Tuesday, October 30, 2018


Life Force
Oct 19 2018


My gutters are filled with leaves
the downspouts plugged.
Accreting
like sedimentary layers
each unattended fall.
Where they steadily rot
in a swill of stagnant water,
bitter tannins
bleeding out
their stubborn brownish rust.

Long enough
and this brew will turn to soil.
An aerial refuge
of exotic life
in a sagging metal trough,
self-contained
and unexplored;
green sprouts, unfurling in spring
fruiting fungi in fall.

Irrepressible life,
pressing itself
into the tiniest niche.

Perhaps, in the decomposing heat
a spore has arisen, some bacterium evolved;
a molecule, awaiting its discoverer
that will heal
relieve
render us immortal.

Irrepressible life, always finding a way.

Except for today
when the hired man scooped out the crud
and hosed down the gutters.
Like a primordial planet of cooling rock, sterile and steaming
my troughs have been scoured;
so life has no purchase
and time goes unmeasured,
no succession or death
to count it against.

For the sake of order
what has been lost?
The complexity
we are ill-equipped to see,
orders of magnitude
infinitesimally small.
Like the microscopic life
that somehow survives
in earth's black and airless rock,
all the way down, layer by layer
beneath its crushing weight.

I am amazed at this persistence.
The life force
of this blue and green planet.
The rich diversity
beneath the barren surface
we too often fail to see
or even imagine.




I've been looking for someone to clean out my gutters.
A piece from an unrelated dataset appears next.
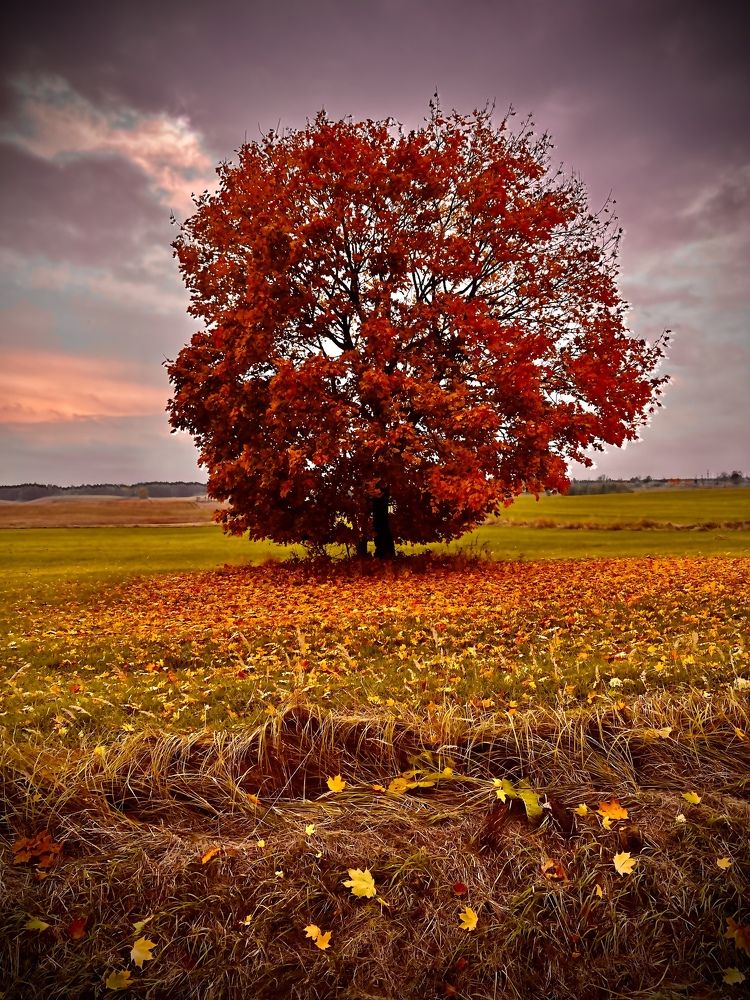 Autumn tree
They've been dripping for years, I reluctantly admit. I can almost imagine the concrete underneath, steadily wearing away into a smooth shallow pool: like the drip-drip-drip of Chinese water torture, speeding up geological time. So looking up at the sagging gutters, I am feeling increasingly negligent for having ignored them for well over a decade. And recall, when I last got up on the roof, scooping out this heavy black muck: decomposing leaves, composting soil, and who knows what dead animals!

This brought to mind a recent article I read, about forms of anaerobic life found in rock deep in the earth's mantle: life that doesn't get its energy from the sun, but from chemical reactions in wet microscopic seams and fissures; and life that metabolizes and reproduces so slowly it might seem to live almost forever. Scientists who study exobiology think this may be a good model for whatever alien life may eventually be found on other planets. (Here's the link: https://www.theatlantic.com/science/archive/2018/10/meet-endoterrestrials/571939/ .)

In both cases, there is this powerful impression of the indomitability of life. And how, when we are only tuned to what is familiar, we can be blind to it. Life everywhere, hiding in plain sight. Life that will persist – somewhere in some form – even after we have finished trashing the planet, as we are so rapidly and irresponsibly doing.